I know men in mid life who have degree and white collar jobs who are retaining to be plumbers and electricians so they can have more job satisfaction, work for themselves and contribute more. They are much more for filled for doing it.

Blunkett thinks the best idea is to tax higher earners on their child benefits. So the government takes the money in tax, pays to administer the child benefit system, pays the money back, then pays to administer a complex system to retrieve the money back again to spend on a scheme which will no doubt employ a lot of Guardian / Independent readers in a pseudo jobs preaching to kids. ( Do you see the only real effect is to bloat the state [ups Labour's payroll vote] and employ more youth specialists [assumed to vote - um let me see - Labour ] whilst taxing the people who disagree with the policy the most).

I suspect the underlying problem with a lot of Labour party politicians is guilt. Its guilt they developed at University as they tried to drop their middle class accents and hide their public/grammar school educations by campaigning for education for the 'under privileged and working class'. The problem is they have no idea what such people really want, but just assume it must be to be like them.
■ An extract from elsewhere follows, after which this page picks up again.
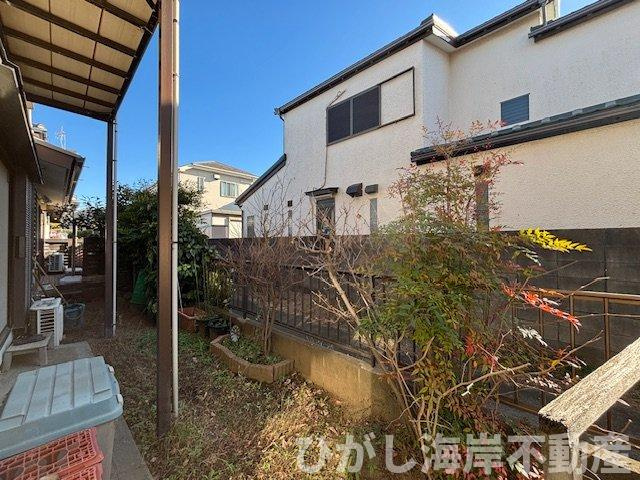 茅ヶ崎市浜竹4丁目　中古戸建の庭|南向きの庭付き住戸。陽当たりの良さを活かし、家庭菜園やくつろぎの時間を楽しめます。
The "I had the opportunity" which must be spread argument.

There are a good number of Conservative MPs who have exactly the experience many of these Labour champaign socialists lack who have come to different conclusions - David Davis, Nadine Dorries, John Major for example.

I've argued before very efficient social sorting by ability, which is what high social mobility means, will create an under class devoid of hope and talent which due to housing structure will be even more concentrated together. Does anyone think that will work well ?

The BBC should challenge Mr Blunkett's assumptions, only most of the BBC employees had the same University experience of middle class guilt, which makes thinking differently impossible for them also.